Extracting data from PDF of Relación Nominal de Trabajadores (RNT) from Spanish Seguridad Social, written in Python
Obviously, you will need Python.
In Linux you surely already have it.
In the other operating systems you can install Anaconda, for example.
If you know what a virtual environment is, means that you need it: you should use it.
If you don't know what it is, but you develop and use custom Python stuff: use it.
Otherwise, don't worry, you can go on without using it.
You will need to install the following additional packages:
- tabula-py
- openpyxl
From Anaconda you can do that in a graphical way:
- open Anaconda Navigator
- go to the Environments tab
- click the Update Index... button
- select "All" instead of "Installed" in the menu
- search for the aforementioned packages and select them for the installation
- click on Apply for installing them
If you are not using Anaconda, you can install them with:
pip install -U tabula-py
pip install -U openpyxl
Just download the main file RNT-analyisis.py
from this repository.
A RNT file as PDF named as RNT_YYYYMM.pdf
(for example RNT_202305.pdf
) and a XLSX file with a column with IPFidentification codes from the workers (if some codes are missing, these data will not be looked for in the RNT PDF).

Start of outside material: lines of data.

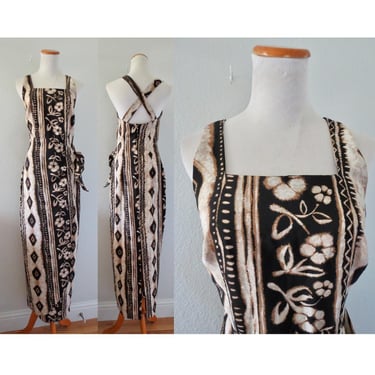 Vintage 90s Midi Dress - Casual Floral Print Sundress - Faux Wrap Criss Cross Back Dress by Rampage - Size Small 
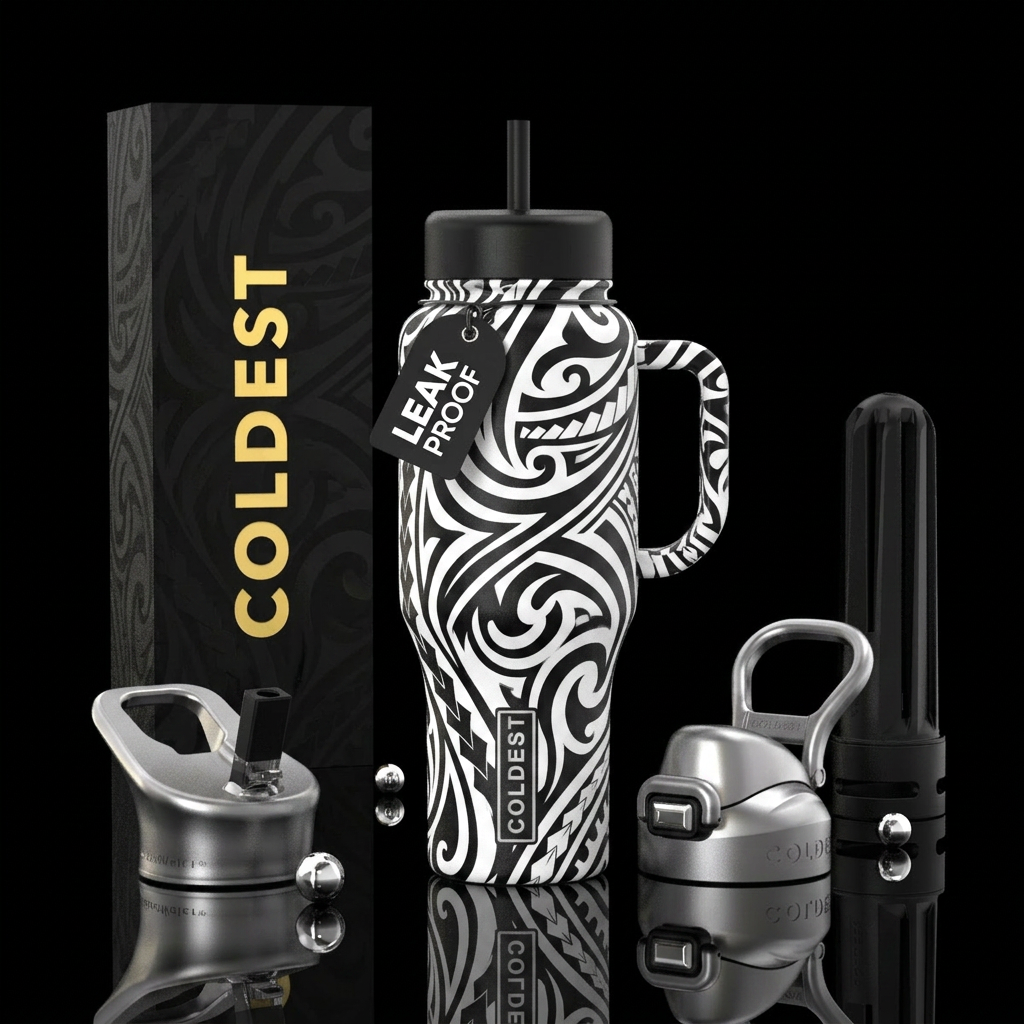 Tribal tattoo, black, white 90s style water bottle design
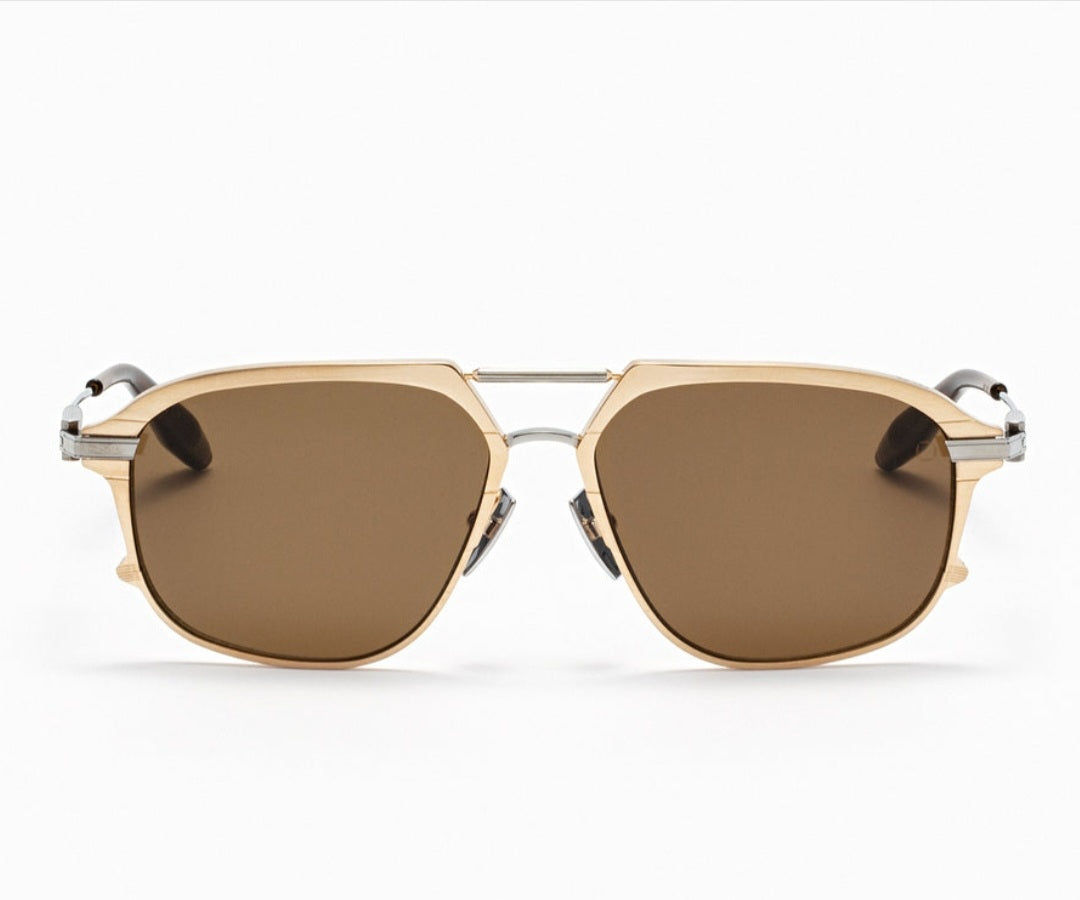 Akoni Icarus Sunglasses in Brushed Gold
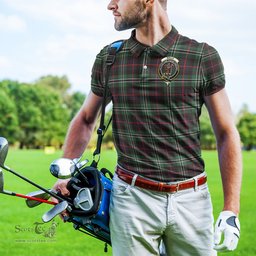 Scottish Rollo Hunting Tartan Mens Polo Shirt with Family Crest Scottish Polo Shirt Scottish Plaid Tartan Plaid - ScotsTee - scotstee.com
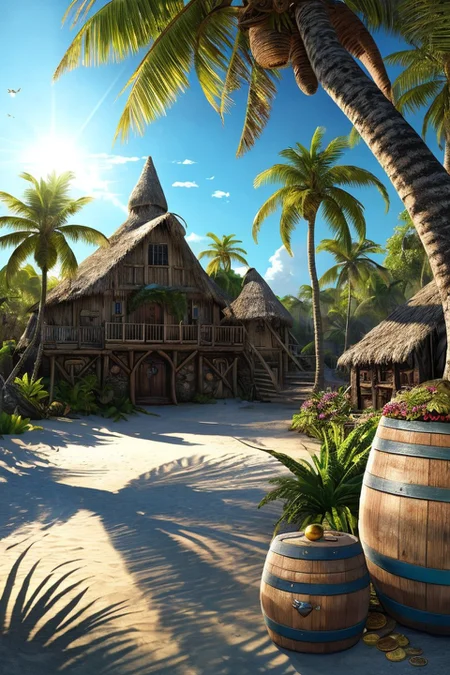 (illustration:1.2), (beautiful caribbean beach pirate landscape), fantasy, sharp focus, (ultradetailed), (ship galleon:1.2), pirate (village), leafy beach coast, (treasure chest with coins, gems and jewels, rum barrel, best quality masterpiece, bright sunny sky, backlight, natural lights, high contrast, hdr, shadows, pretty, beautiful, (PirateDiffusionprt:0.5), PrateT,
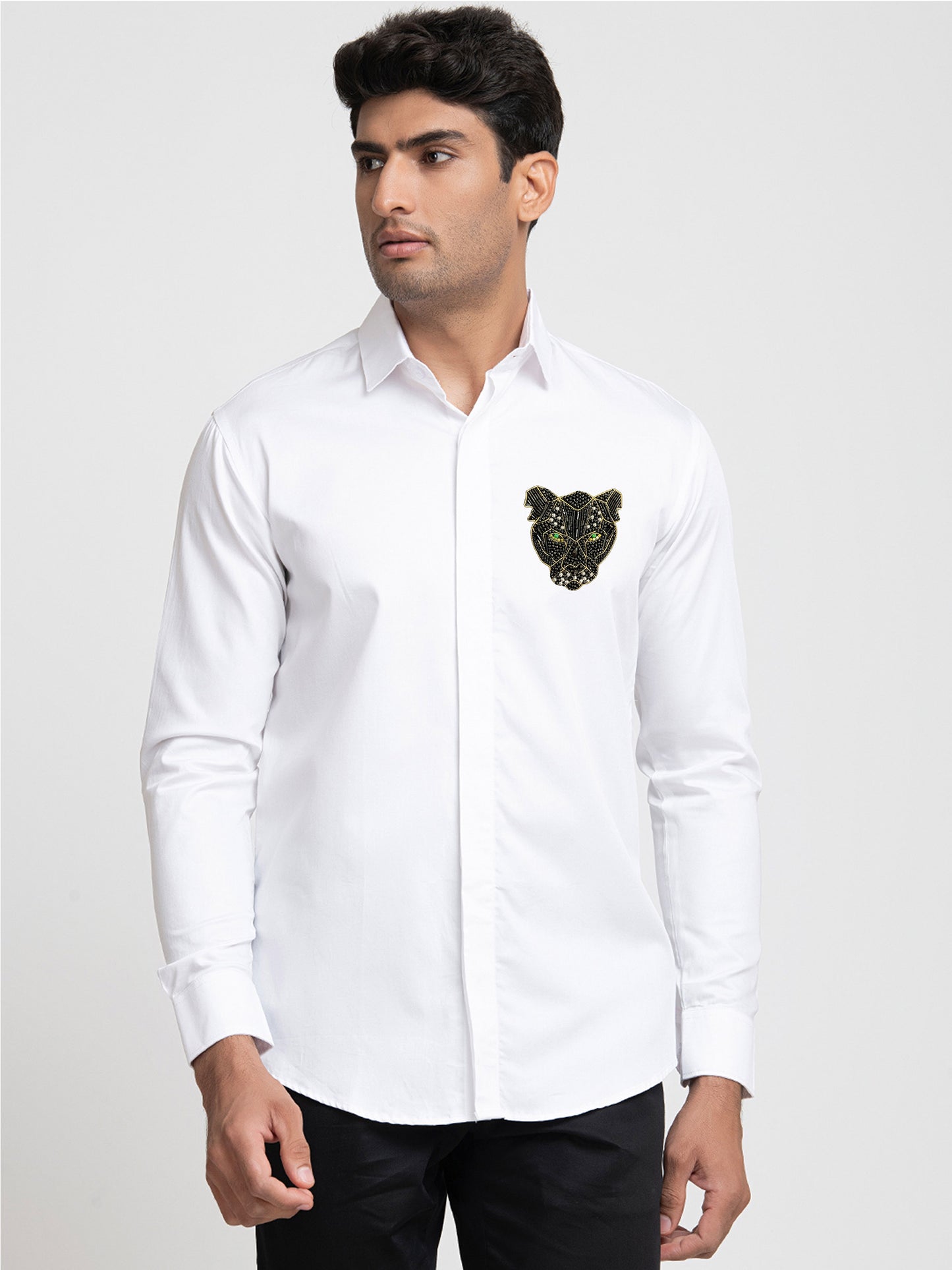 White Giza Cotton Panther embroidery shirt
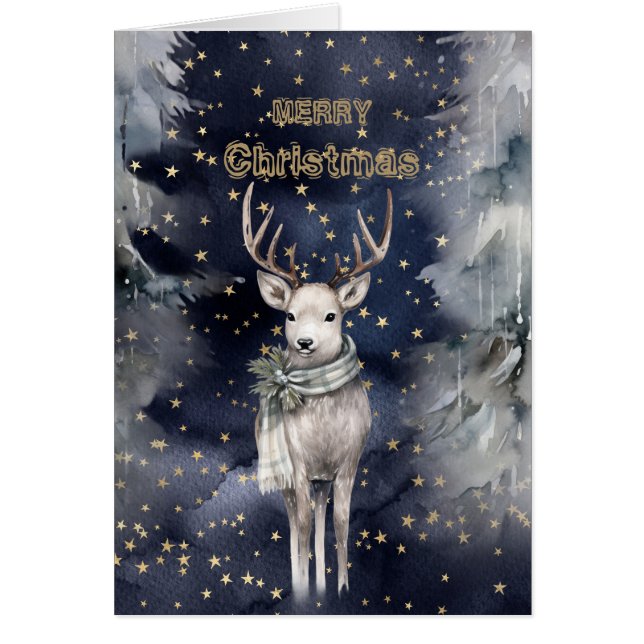 Merry Christmas Deer Wearing A Scarf (Front)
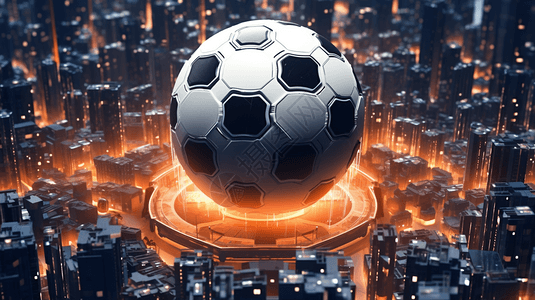 一个巨大的足球未来城市图片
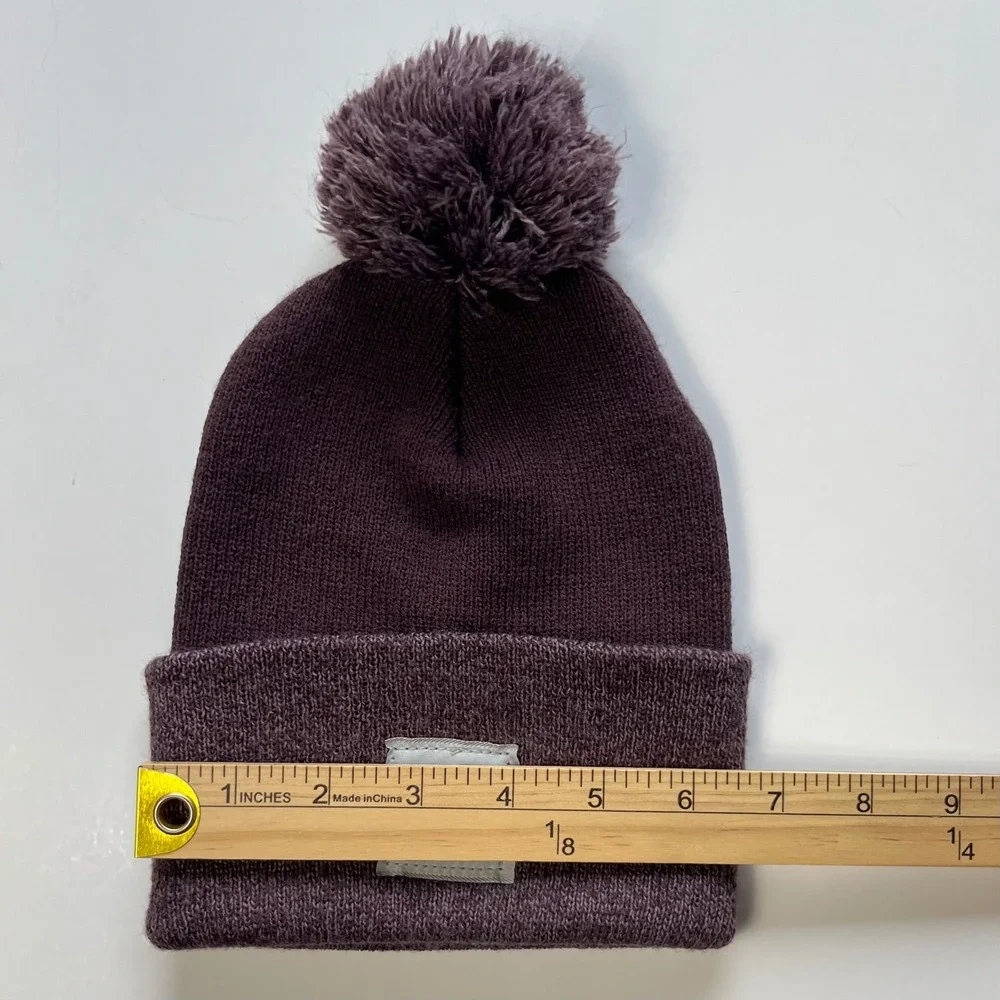 Carhartt Plum Pom Cuff Beanie Knit Hat Logo USA Thermal Workwear  Unisex Ski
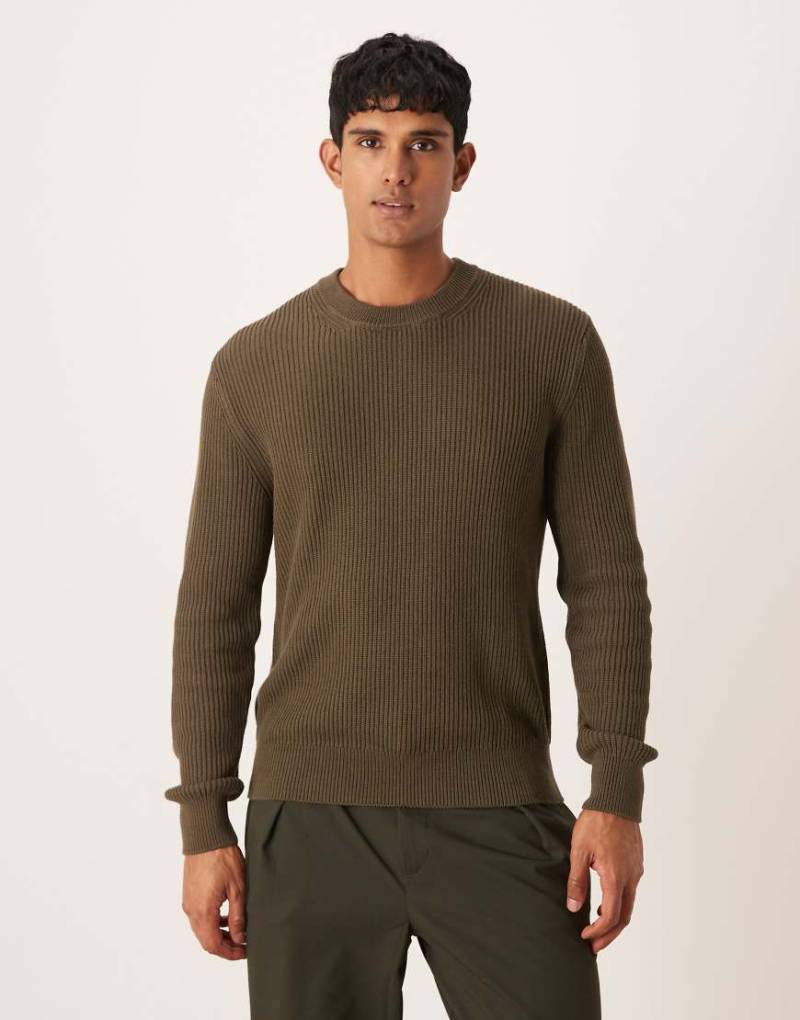 Mango - Pullover aus Baumwolle in Dunkelgrün mit Rundhalsausschnitt von Mango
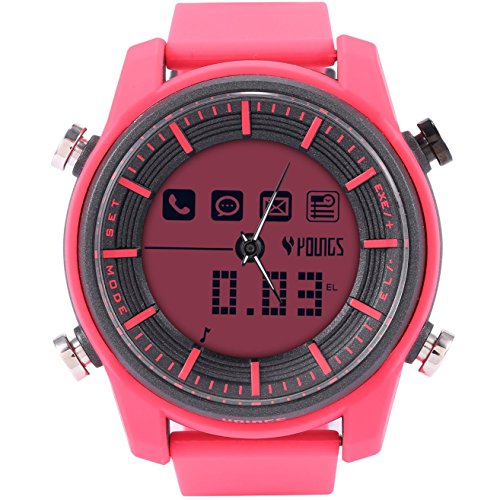0743167155038 - YOUNGS DUAL TIME ZONE COUPLES SMART SPORT WATCH FOR ANDROID IOS 100M WATERPROOF BLUETOOTH4.0 APP WATCH RS1500 (PINK+BLACK)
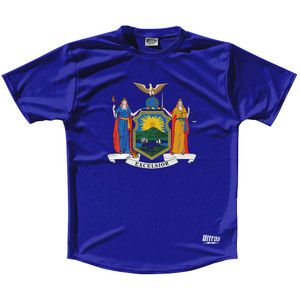 Ultras New York State Flag Running Cross Country Track Shirt Made In USA - Blue Ultras New York State Flag Running Cross Country Track Shirt Made In USA - Blue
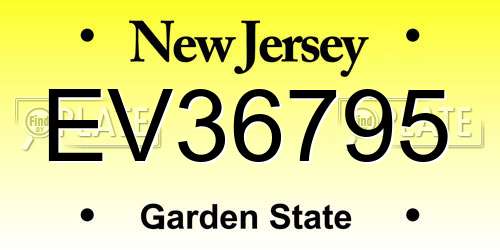 EV36795 New Jersey License Plate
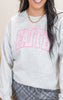 Pink Bows & Faith Graphic Crewneck Sweatshirt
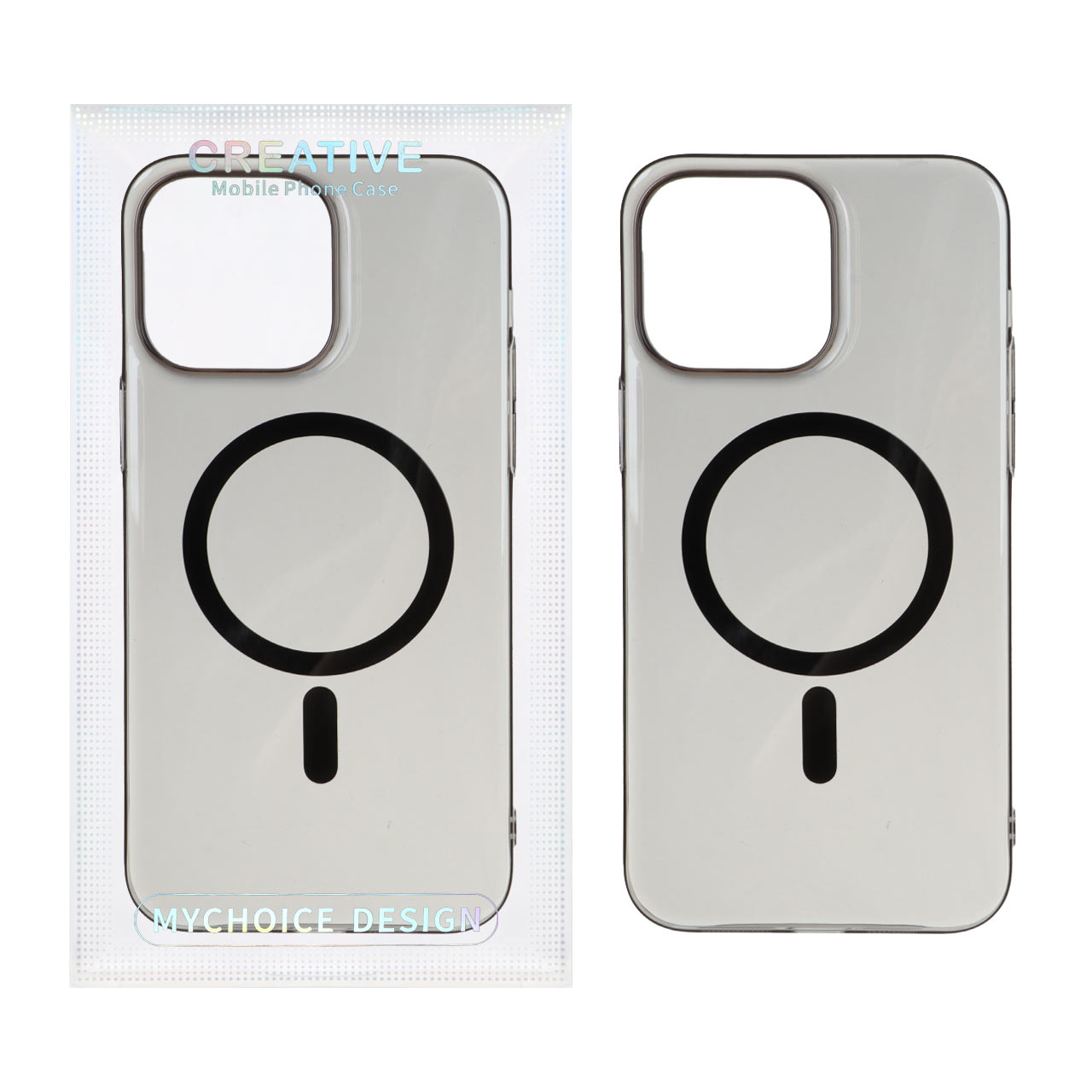 قاب اورجینال کریستالی MagSafe شفاف Creative مدل Apple iPhone 13 Pro Max - مشکی (پک دار)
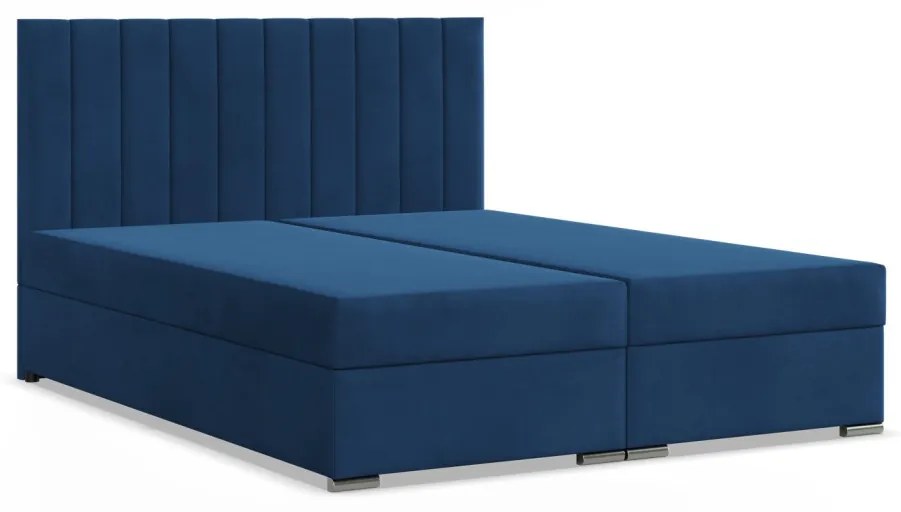 Agen ágy, bársony, 160 x 200, ágyneműtartóval, kék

Just double click on the RNT-analyisis.py
file.
A prompt should ask you for the RNT PDF file. The RNT file has to be named like RNT_YYYYMM.pdf
for example RNT_202209.pdf
. Once chosen that, another prompt should ask you for the XLSX spreadsheet with the workers' data (IPF and name).
A new file will be created with a name like analysis_RNT_YYYYMM.xlsx
for example analysis_RNT_202209.xlsx
.
Execute the RNT-analyisis.py
file providing as the first argument the PDF of the RNT and as a second argument a XLSX spreadsheet.
The filename of the PDF have to follow this format: RNT_YYYYMM.pdf
, for example RNTs/2023/RNT_202301.pdf
.
The spreadsheet needs to have at least a CAS
and a IPF
columns for the worker's identification. The other columns and their content will be preserved. For example, the gender and position columns can be added for analyzing the presence of inequalities in the salaries across genders and positions.
The python script will create a new column with the estimated gross salary. It will not show salaries over some threshold, around 48k. This will be stored in a new XLSX file named analysis_RNT_YYYYMM.xlsx
with the year and month from the input PDF file.
The typical way to use the script is something like this:
...create a analysis_RNT_202111.xlsx file with at least the CAS and IPF columns of the workers...
python3 RNT-analyisis.py RNTs/2021/RNT_202112.pdf analysis_RNT_202111.xlsx
python3 RNT-analyisis.py RNTs/2022/RNT_202201.pdf analysis_RNT_202112.xlsx
python3 RNT-analyisis.py RNTs/2022/RNT_202202.pdf analysis_RNT_202201.xlsx
python3 RNT-analyisis.py RNTs/2022/RNT_202203.pdf analysis_RNT_202202.xlsx
where each command takes the output of the previous one and add a column for the newly processed RNT.
In this repository, you can find an example of RNT PDF file here RNT_202012.pdf and an example of initial XLSX file here analysis_RNT_202011.xlsx.
As you can see, the XLSX file has to have at least the IPF column. For convenience, we would recommend to have also columns like CAS, name, work position etc.
In the RNT PDF you will see IPFs starting with 10, to which a DNI number follows; starting with 20, to which a passport number follows (usually temporary before getting a NIE); and 60, to which a NIE number follows.
When you run the script launching:
python3 RNT-analyisis.py RNT_202012.pdf analysis_RNT_202011.xlsx
A new file will be created, with the name analysis_RNT_202012.xlsx
. In this file you will find all the content of the original XLSX file but also a new column with the yearly salary estimated from the content of the RNT_202012.pdf
file. Using the example PDF, you will get wrong numbers, likely due to the censoring we performed on the PDF.
Also you will get an output text like this:
I.P.F. C.A.F.
0 1099999999E NULAS
This means that this worker exists in the PDF but has not been found in the XLSX file.